### Exercise brief
Transcribe the entries below with complete accuracy, excluding the pictures.

[Short text fragments from websites]
===
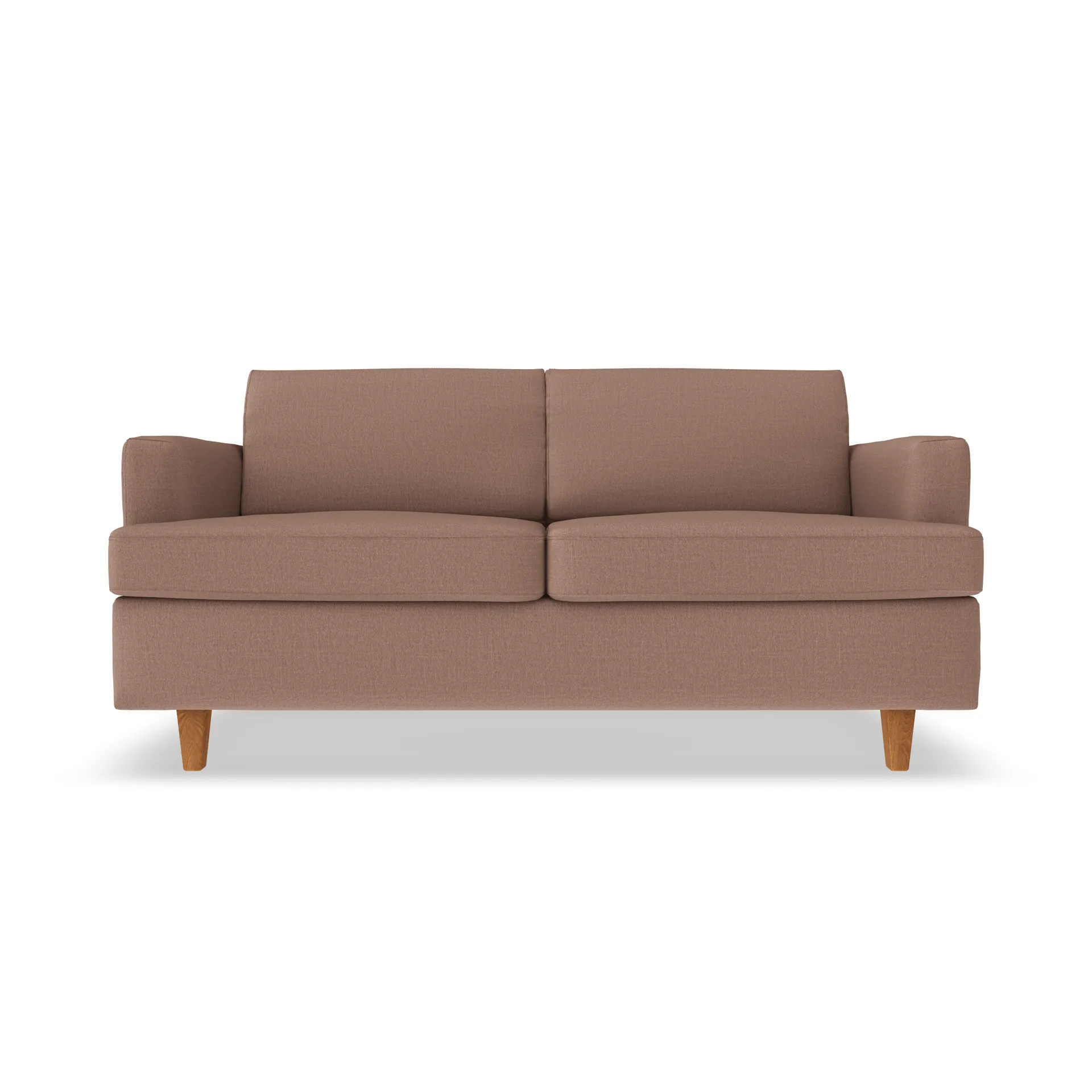 Binga 2-seater sofa bed, Same Rust 6675-dark-stained ash 1898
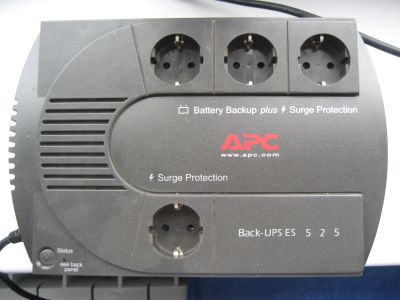 Лот: 16691040. Фото: 1. ИБП APC Back-UPS ES 525. ИБП, аккумуляторы для ИБП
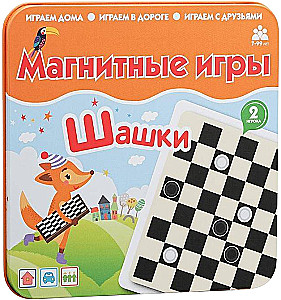 Gra magnetyczna - Warcaby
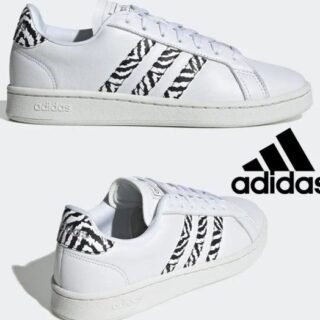 [MAGAZINE] Tênis Adidas Grand Court Zebra ou Leopard – Feminino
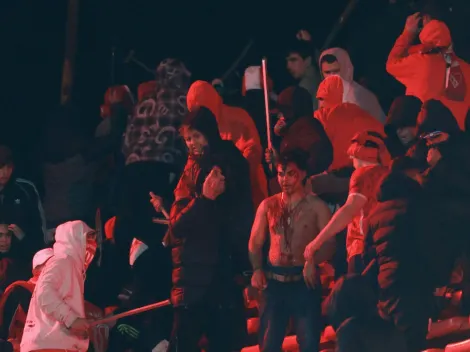 Johnny Herrera da linda noticia por hincha de la U que lanzaron al vacío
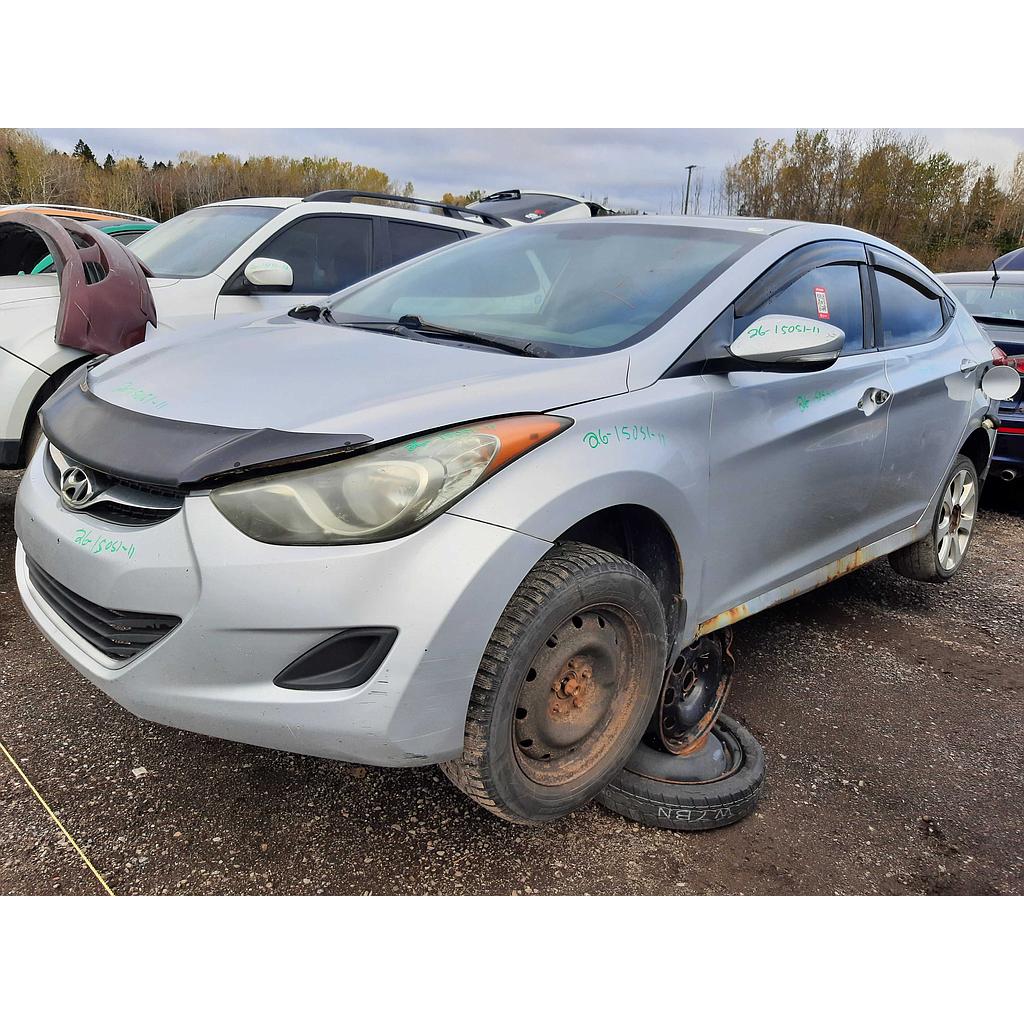 HYUNDAI ELANTRA 2011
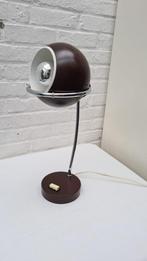 Gepo eyeball bureau lamp, Minder dan 50 cm, Gebruikt, Mid century, Metaal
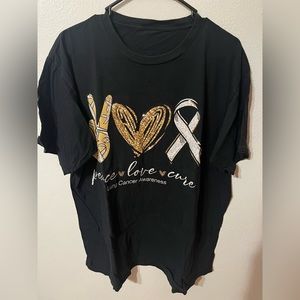 Lung Cancer Awareness tee-shirt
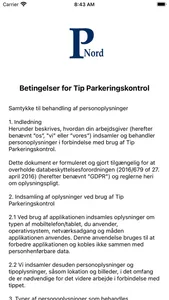 Tip Parkeringskontrol screenshot 0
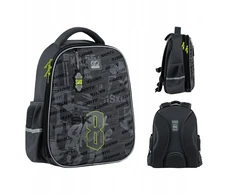 Cool Pack Mokyklinė kuprinė berniukui 1-3 klasei mėlyna Game Gopack
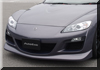 日本AUTOEXE MAZDA(萬事得,馬自達,一汽馬自達) RX-8 (RX8,SE,SE3P,13B,Rotary,轉子引擎(發動機))汽車動力升級改裝零件 Front Bumpern 頭泵把(前包圍)MSY2000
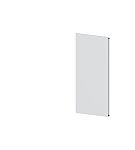 Siemens 8GK951 Series Steel RAL 7035 Replacement Door, 1950mm H, 775mm W for Use with ALPHA 630 DIN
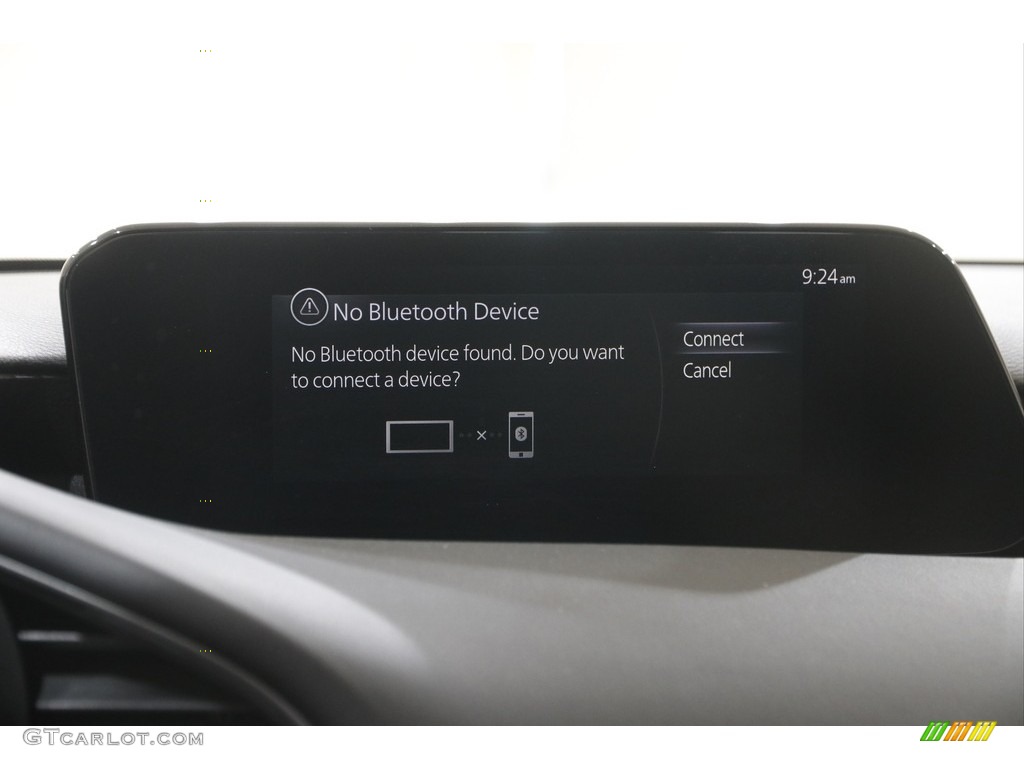 2020 MAZDA3 Sedan - Sonic Silver Metallic / Black photo #11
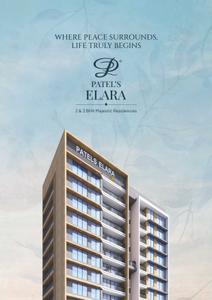 Image of 996 Sq.ft 2 BHK Apartment / Flat for sale in Patels Elara, Ambernath East, Ambernath for Rs. 3700000
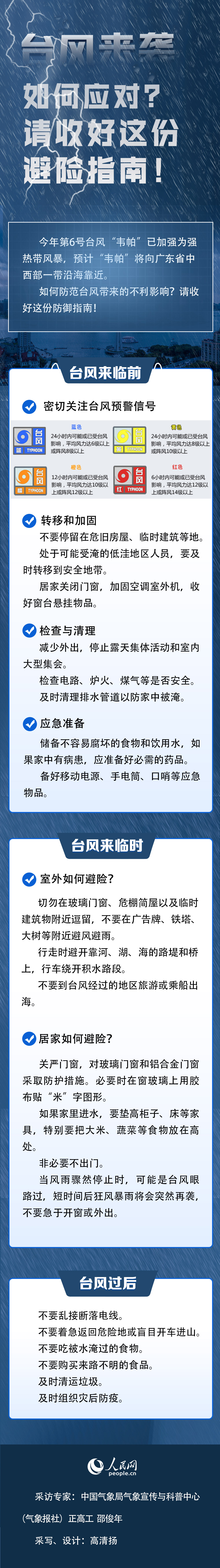 臺風(fēng)來襲如何應(yīng)對？請收好這份避險(xiǎn)指南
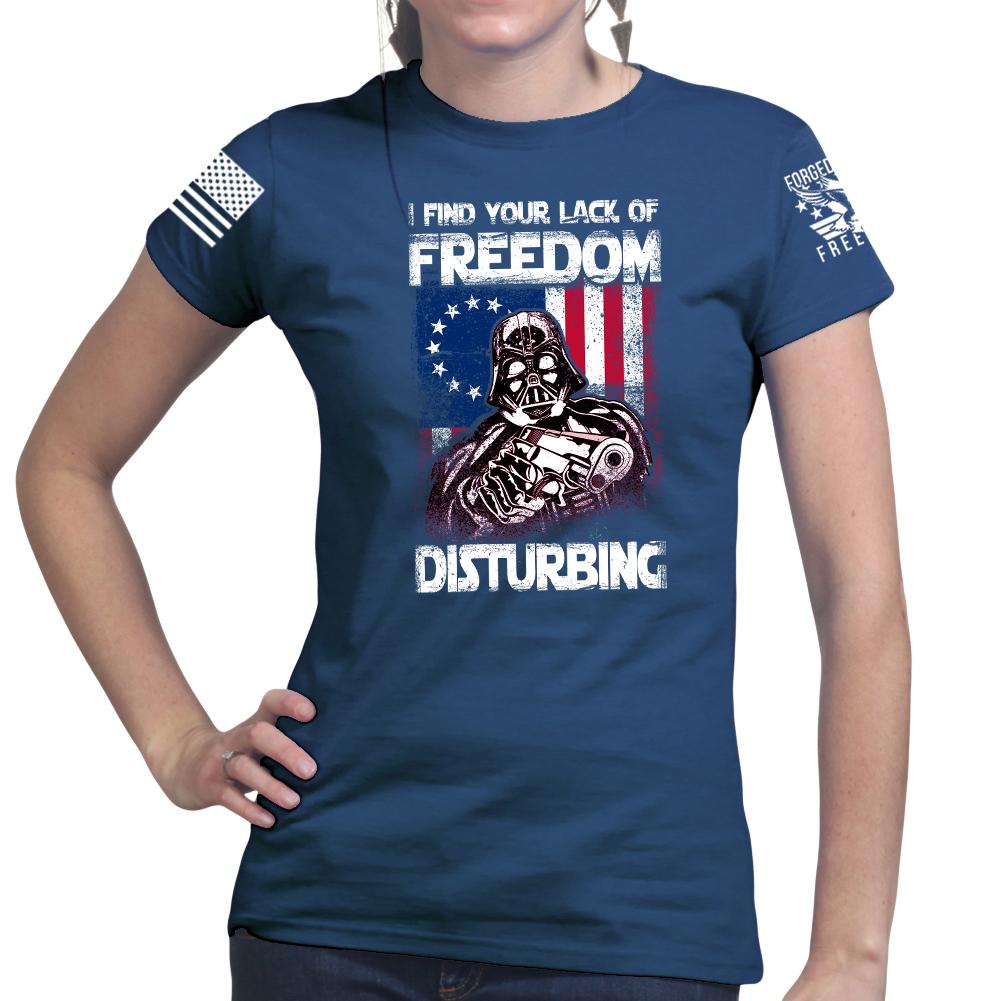 Freedom Vader Ladies T-shirt Style001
===
### Response below
 Binga 2-seater sofa bed, Same Rust 6675-dark-stained ash 1898
 Лот: 16691040. Фото: 1. ИБП APC Back-UPS ES 525. ИБП, аккумуляторы для ИБП
 Gra magnetyczna - Warcaby
 [MAGAZINE] Tênis Adidas Grand Court Zebra ou Leopard – Feminino
 Johnny Herrera da linda noticia por hincha de la U que lanzaron al vacío
 HYUNDAI ELANTRA 2011
 Gepo eyeball bureau lamp, Minder dan 50 cm, Gebruikt, Mid century, Metaal
 Lung Cancer Awareness tee-shirt
 Tip Parkeringskontrol screenshot 0
 Cool Pack Mokyklinė kuprinė berniukui 1-3 klasei mėlyna Game Gopack
 日本AUTOEXE MAZDA(萬事得,馬自達,一汽馬自達) RX-8 (RX8,SE,SE3P,13B,Rotary,轉子引擎(發動機))汽車動力升級改裝零件 Front Bumpern 頭泵把(前包圍)MSY2000
 Siemens 8GK951 Series Steel RAL 7035 Replacement Door, 1950mm H, 775mm W for Use with ALPHA 630 DIN
 2020 MAZDA3 Sedan - Sonic Silver Metallic / Black photo #11
 Image of 996 Sq.ft 2 BHK Apartment / Flat for sale in Patels Elara, Ambernath East, Ambernath for Rs. 3700000
 臺風(fēng)來襲如何應(yīng)對？請收好這份避險(xiǎn)指南
 Freedom Vader Ladies T-shirt Style001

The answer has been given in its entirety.